Let $A$ be a square matrix of order $n$ such that $A^2 = A$. Prove that every $v \in \Bbb R^n$ can be decomposed as $v = v_1 +v_2$, where $v_1$ is in the null space of $A$ and $v_2$ is in the column space of $A$.
The decomposition is unique. How do we go about proving this?
A vector $v \in \mathbb{R}^n $ can be written uniquely as
$ v = v - A v + A v = (I - A) v + A v = v_1 + v_2 \hspace{15pt} (1) $
Now since $A^2 = A$ , then $ A - A^2 = A (I - A) = 0 $
$A v_1 = A (I - A) v = 0 $, so $v_1$ is in the null space of $A$
and $v_2 = A v $ so $v_2$ is in the column space of $A$.

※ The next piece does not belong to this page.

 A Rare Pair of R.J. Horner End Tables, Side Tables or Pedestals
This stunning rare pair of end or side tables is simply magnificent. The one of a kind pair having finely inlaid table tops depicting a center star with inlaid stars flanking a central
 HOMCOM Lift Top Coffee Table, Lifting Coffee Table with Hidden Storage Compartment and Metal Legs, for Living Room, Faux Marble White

Now I show that if $x$ is the null space then it cannot be in the column space unless $x = 0$, thus proving that the null space of $A$ and the columns space are disjoint.

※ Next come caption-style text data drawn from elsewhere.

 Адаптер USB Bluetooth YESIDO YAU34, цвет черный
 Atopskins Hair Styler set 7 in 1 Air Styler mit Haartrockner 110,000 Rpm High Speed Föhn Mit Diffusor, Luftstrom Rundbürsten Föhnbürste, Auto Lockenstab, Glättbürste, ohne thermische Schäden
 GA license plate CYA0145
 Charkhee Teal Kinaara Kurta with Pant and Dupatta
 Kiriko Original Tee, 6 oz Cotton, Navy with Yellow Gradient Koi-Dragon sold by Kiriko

Let $x$ be in the null space of $A$, then
$ A x = 0 $,
If $x$ is the column space of $A$ then, there exists a vector $y$ such that
$ x = A y $
Now pre-multiply both sides by $A$,
$ A x = A^2 y = A y$
But $A x = 0 $ by our assumption, then
$ A y = 0 $
Therefore,
$ x = 0 $
This proves that the null space of $A$ and its column space are disjoint.
Now suppose vector $v = u_1 + u_2$ where $u_1 $ is in the null space and $u_2$ is in the column space then
$ v = v_1 + v_2 = u_1 + u_2 $
where now we have $v_1, u_1$ are in the null space, and $v_2 , u_2$ are the column space. Then we can write
$ u_1 = v_1 + x $ implying that $u_2 = v_2 - x $
Since $u_1$ and $v_1$ are in the null space then $x$ is in the null space, and since $u_2$ and $v_2$ are in the column space then $x$ is also in the column space, thus $x$ is in both the null space and the column space, so $x$ must be the zero vector $0$. Hence $u_1 = v_1$ and $u_2 = v_2$
Thus the decomposition of a vector $v$ given above is unique.
Thanks to a comment by @Weltschmerz in this post for the decomposition that I based my answer on.